15 things you might not know about Ebola

More than 4,000 people have now died of Ebola in West Africa, mostly in Liberia, neighbouring Sierra Leone and Guinea.REUTERS/Christopher Black/WHO/Handout

1. Ebola was a river in the Democratic Republic of Congo before it was a plague. Scientists who discovered the disease thought it would be unfair to name it after a town.

2. Poor people with inadequate healthcare suffer most: if Ebola was named after the Thames there would have been a cure years ago.

3. It's deadly but not necessarily fatal. Between 30 and 50 per cent of victims recover.

4. Officially, so far 4,493 people have died. The real figure may be around 12,000.

5. That's very sad. But 6,000 people die of malaria every two days and 2.5 million people die of HIV/Aids every year.

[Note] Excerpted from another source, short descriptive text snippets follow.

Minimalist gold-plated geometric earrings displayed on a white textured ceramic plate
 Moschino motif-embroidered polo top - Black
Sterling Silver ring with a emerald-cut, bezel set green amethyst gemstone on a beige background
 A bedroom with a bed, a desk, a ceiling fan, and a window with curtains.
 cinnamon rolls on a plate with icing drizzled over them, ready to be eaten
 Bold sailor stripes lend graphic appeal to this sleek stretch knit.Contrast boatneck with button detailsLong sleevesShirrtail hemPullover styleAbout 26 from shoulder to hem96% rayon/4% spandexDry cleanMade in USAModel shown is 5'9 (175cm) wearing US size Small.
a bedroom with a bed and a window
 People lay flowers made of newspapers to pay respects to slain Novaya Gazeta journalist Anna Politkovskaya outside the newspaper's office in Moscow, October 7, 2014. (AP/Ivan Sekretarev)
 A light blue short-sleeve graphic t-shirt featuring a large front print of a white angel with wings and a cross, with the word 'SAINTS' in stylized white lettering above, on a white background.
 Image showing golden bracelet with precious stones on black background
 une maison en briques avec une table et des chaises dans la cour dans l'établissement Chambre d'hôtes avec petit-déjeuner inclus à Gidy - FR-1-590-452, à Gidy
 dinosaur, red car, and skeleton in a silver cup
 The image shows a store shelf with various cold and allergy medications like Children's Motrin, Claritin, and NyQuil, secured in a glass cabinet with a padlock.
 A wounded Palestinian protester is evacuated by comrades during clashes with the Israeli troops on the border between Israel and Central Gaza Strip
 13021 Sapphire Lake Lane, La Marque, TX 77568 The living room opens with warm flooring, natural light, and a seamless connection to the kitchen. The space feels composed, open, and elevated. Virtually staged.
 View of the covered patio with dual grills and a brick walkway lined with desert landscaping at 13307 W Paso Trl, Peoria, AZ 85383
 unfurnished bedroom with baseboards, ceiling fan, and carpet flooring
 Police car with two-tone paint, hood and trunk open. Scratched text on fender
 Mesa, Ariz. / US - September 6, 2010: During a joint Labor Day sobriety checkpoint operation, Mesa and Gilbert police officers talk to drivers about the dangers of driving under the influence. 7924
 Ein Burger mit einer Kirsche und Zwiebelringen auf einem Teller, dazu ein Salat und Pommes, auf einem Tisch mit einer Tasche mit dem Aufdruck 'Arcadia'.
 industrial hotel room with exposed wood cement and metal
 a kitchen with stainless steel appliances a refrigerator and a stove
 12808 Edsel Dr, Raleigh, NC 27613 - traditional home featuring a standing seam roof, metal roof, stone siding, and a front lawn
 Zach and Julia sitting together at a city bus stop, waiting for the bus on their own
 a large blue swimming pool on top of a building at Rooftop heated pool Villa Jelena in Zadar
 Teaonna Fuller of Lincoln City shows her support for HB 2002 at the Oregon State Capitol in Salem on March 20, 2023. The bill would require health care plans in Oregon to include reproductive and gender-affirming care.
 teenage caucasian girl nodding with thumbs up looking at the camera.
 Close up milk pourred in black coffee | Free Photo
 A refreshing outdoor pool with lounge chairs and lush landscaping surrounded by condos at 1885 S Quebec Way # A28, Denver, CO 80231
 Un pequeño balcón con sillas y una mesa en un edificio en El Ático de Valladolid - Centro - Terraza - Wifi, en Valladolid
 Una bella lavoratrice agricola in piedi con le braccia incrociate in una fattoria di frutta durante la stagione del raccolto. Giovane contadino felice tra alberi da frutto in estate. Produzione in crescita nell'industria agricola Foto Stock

6. It's quite hard to catch, unlike flu, colds or chicken pox.

7. It's transmitted by direct contact with the bodily fluids of someone who actually has symptoms.

8. Some Church leaders have said really unhelpful things, like saying the virus is God's judgment for homosexuality.

9. Others have been brilliant, helping educate their congregations about the disease.

10. Some of the worst consequences may be economic as businesses pull out of West Africa: the World Bank says as much as $32.6 billion by the end of 2015.

11. That's large scale. People who rely on hunting and selling 'bush meat' are already destitute because it's an Ebola vector.

12. It's affecting agriculture too. In Sierra Leone, 40 per cent of farmers have left their fields; there's a risk of famine.

13. It is already in the US and Spain and it will probably come to the UK, but doctors know how to treat it and how to stop it. Infections so far have come from avoidable errors.

14. There won't be a vaccine soon enough to prevent people dying. There needs to be a huge public health education and treatment programme very quickly indeed.

15. Things don't look good. A fund launched by the UN's Ban Ki-moon has raised only a fraction of what's needed.